Parameters:: init_method (str, optional) – Initialization method for the distributed process group, typically a URL in the format tcp://hostname:port. Default is ‘tcp://localhost:12355’.

run(n_epoch, loader, valid_loader=None, \*\*aux_run_kwargs)¶: Run the distributed training or testing process across multiple GPUs.

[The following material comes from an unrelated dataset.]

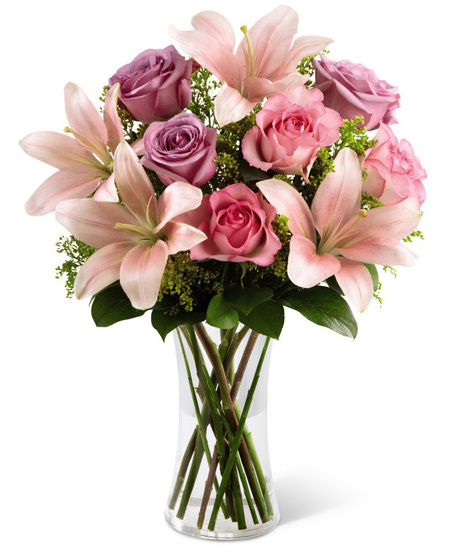 Pink Roses, Lavender Roses and Pink Lilies in a glass vase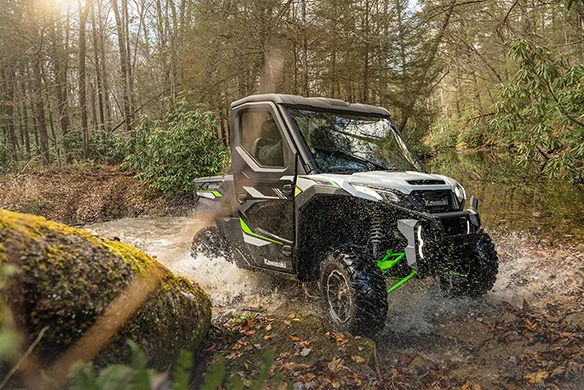 Black and green Kawasaki Ridge Ranch splashes through a shallow forest stream with enclosed cab and rugged tires.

train_process(rank, device_list, init_method, n_epoch, loader, valid_loader, aux_run_kwargs)¶: Train the model on a specific GPU in the distributed setup.

Notes

This add-on requires multiple GPUs to be available and properly configured.

Examples

Using MultiGPUAddon for distributed training:

>>> from zae_engine.trainer import Trainer
>>> from zae_engine.trainer.addons import MultiGPUAddon

>>> MyTrainer = Trainer.add_on(MultiGPUAddon)
>>> trainer = MyTrainer(
>>>     model=my_model,
>>>     device=[torch.device('cuda:0'), torch.device('cuda:1')],
>>>     optimizer=my_optimizer,
>>>     scheduler=my_scheduler
>>> )
>>> trainer.run(n_epoch=10, loader=train_loader)

classmethod apply(base_cls: Type[T]) → Type[T][source]¶

Apply the add-on modifications to a base class.

This method is used to inject additional functionality or modify the behavior of the Trainer class. It returns a new class that combines the original Trainer with the behavior defined in the add-on.

Parameters:: base_cls (Type[T]) – The base class to which the add-on modifications will be applied. This is typically the Trainer class or a subclass of it.
Returns:: A new class that includes the functionality of the base class along with the additional behavior defined by the add-on.
Return type:: Type[T]

Notes

Subclasses of AddOnBase must implement this method to define how the add-on modifies the base class.
This method is typically called indirectly through the Trainer.add_on method.

Examples

Custom implementation in an add-on:

>>> class CustomAddon(AddOnBase):
>>>     @classmethod
>>>     def apply(cls, base_cls):
>>>         class TrainerWithCustomAddon(base_cls):
>>>             def custom_method(self):
>>>                 print("Custom method called")
>>>         return TrainerWithCustomAddon

Adding the custom add-on to a Trainer:

>>> from zae_engine.trainer import Trainer
>>> MyTrainer = Trainer.add_on(CustomAddon)
>>> trainer = MyTrainer(model=my_model, device='cuda', optimizer=my_optimizer)
>>> trainer.custom_method()  # Output: Custom method called

zae_engine.trainer.addons.state_manager module¶

class zae_engine.trainer.addons.state_manager.StateManagerAddon(save_path: str, save_format: str = 'ckpt')[source]¶

Bases: AddOnBase

Add-on to manage model, optimizer, and scheduler state.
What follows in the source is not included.